In 2009, at Winkler County Memorial Hospital, two nurses, Anne Mitchell and Vicki Galle, were retaliated against for reporting physician Rolando Arafiles' inappropriate medical treatments to the Texas Medical Board. The story received national attention. The retaliation against the two nurses involved an investigation by the county sheriff Robert Roberts, a friend and former business partner of Arafiles, into the nurses allegedly harassing the physician by filing the complaint. Arafiles approached Roberts after receiving notification from the board that a complaint had been filed by persons whose identities the board decided to shield. Roberts, armed with search warrants, set to work finding out who had contacted the medical board. After obtaining confidential medical records based on protected private health-care information provided by Arafiles, Roberts brought the case to the prosecutor. County attorney Scott Tidwell sought to prosecute the two nurses for misuse of official information, a felony that carries a possible $10,000 fine and a 10-year jail sentence. A grand jury, before which Roberts was the sole witness, indicted the two nurses. They were immediately fired from their jobs at the hospital. The pair had been members of the administration responsible for credentialing physicians, quality assurance, and risk management.

The charges against Galle were dismissed at the last hour before trial. On February 11, 2010, Mitchell was acquitted by a jury that deliberated for less than an hour. The Texas Attorney General's office became involved after the criminal prosecution against the two nurses ended, investigating the actions of the prosecution and law enforcement. Ultimately, indictments against four of the people involved in the retaliation against the nurses were issued, which included the same felony charge of misuse of official information, which Roberts and Tidwell has pursued against the nurses. Arafiles was indicted on felony retaliation and misuse of official information charges. Roberts and Tidwell were indicted on misuse of official information and official oppression charges. Hospital administrator Stan Wiley was indicted on felony retaliation charges and accepted a plea deal in March 2011, where he pleaded guilty to a misdemeanor in exchange for cooperating with the state. He was sentenced to 30 days in jail and fined $2,000.

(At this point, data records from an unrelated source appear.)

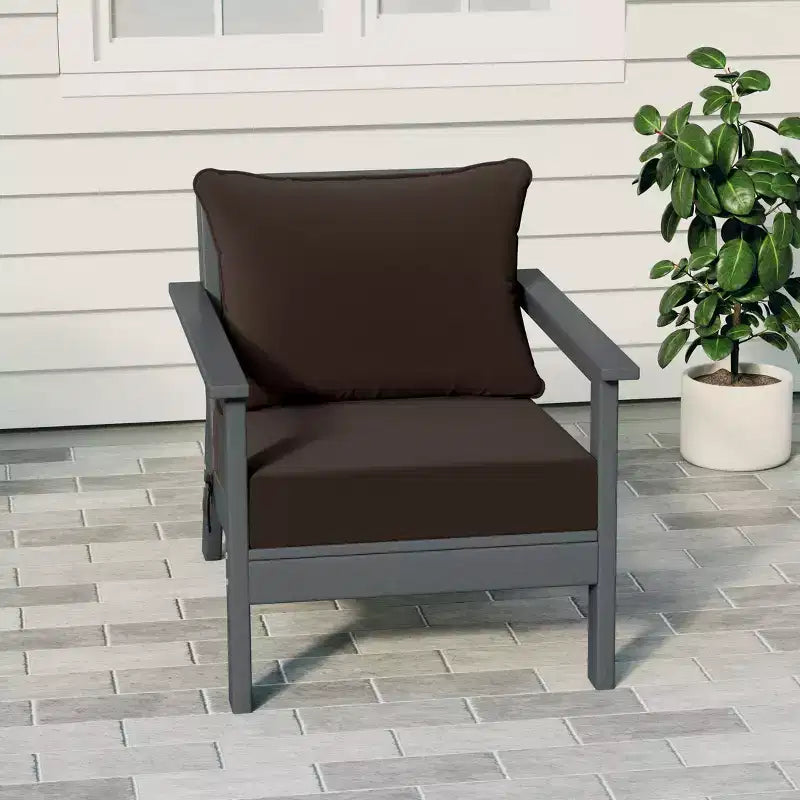 WestinTrends Fauteuil de jardin moderne Avalon Gray en PEHD avec coussins d'assise épais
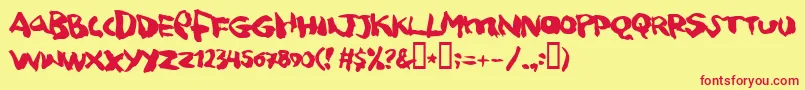 squitcher Font – Red Fonts on Yellow Background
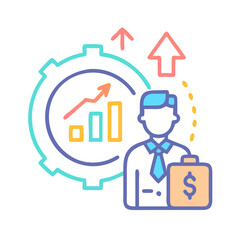 Business growth and strategy with finance analysis chart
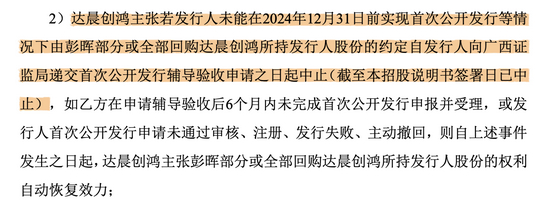 　图|光隆科技招股书关于对赌协议恢复条件的描述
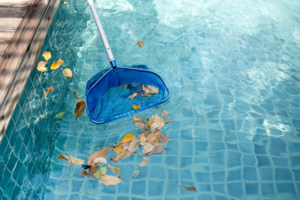 A pool skimmer removing fallen leaves from a residential swimming pool by Pinch A Penny Pool Patio Spa in Mobile, AL.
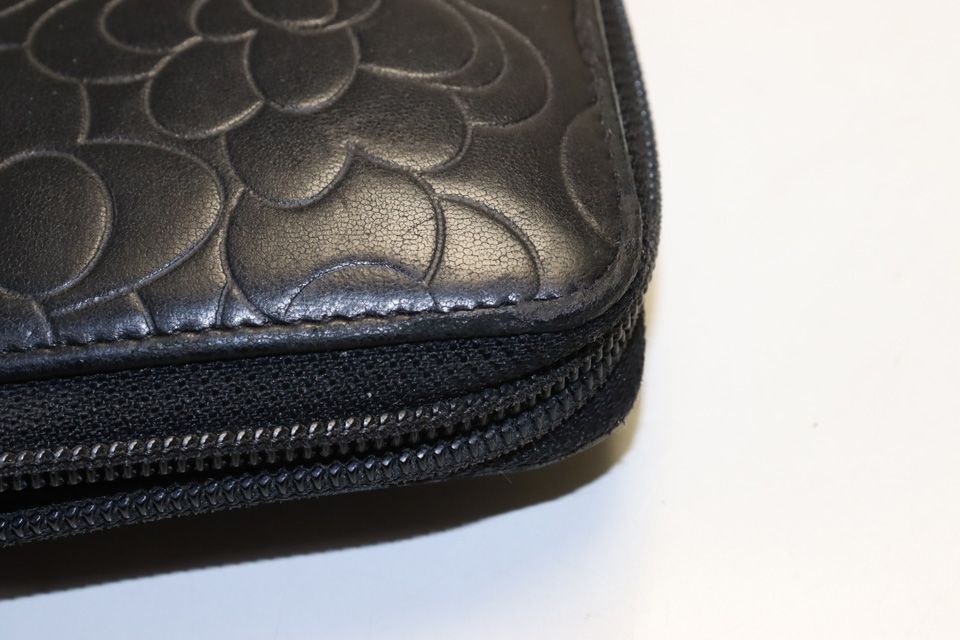 Chanel Camellia Leather Zip Around Wallet — view 7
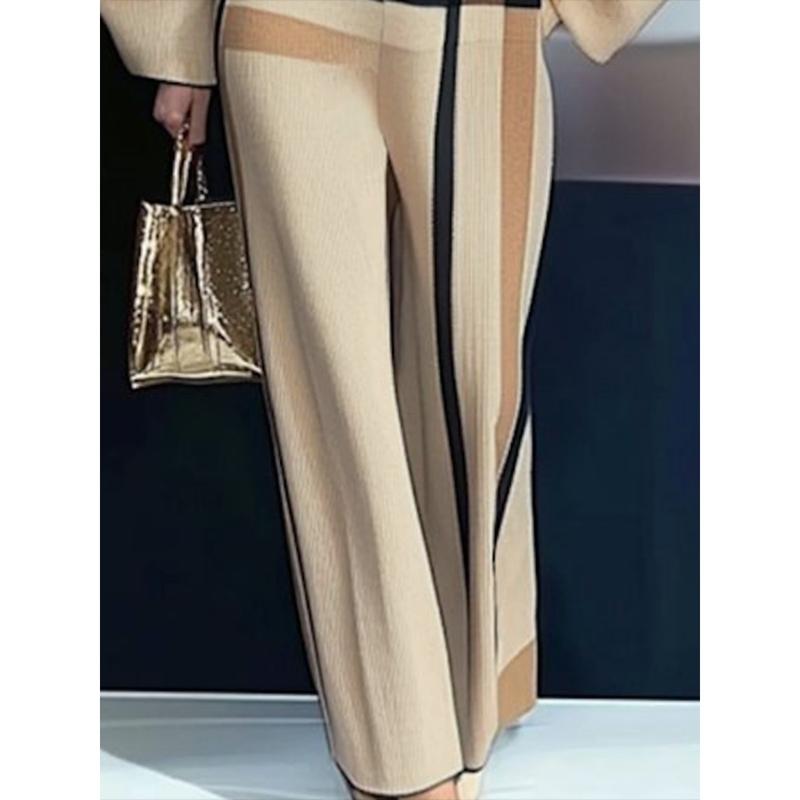 UOOZEE Loose Striped Round-Neck Pullovers Sweater Tops & Loose Wide Leg Striped Casual Pants Set Viscose Nylon Knitting Women's Clothing Suits Long Sleeve(The bottom is a bit small. It is recommended to choose one size larger)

Sheriff Roberts was convicted at trial and was sentenced to 100 days in jail on each of four felony counts, fined $6000 on four felony and two misdemeanor counts, and sentenced to four years felony probation on two counts each of misuse of official information and retaliation. In September 2011, former county attorney Scott Tidwell was found guilty of misuse of official information, retaliation, and official oppression, sentenced to 120 days in jail and fined $6000. Arafiles also cut a deal with prosecutors and pled guilty in exchange for 60 days in jail, the surrender of his medical license, a $5,000 fine, and 5 years probation.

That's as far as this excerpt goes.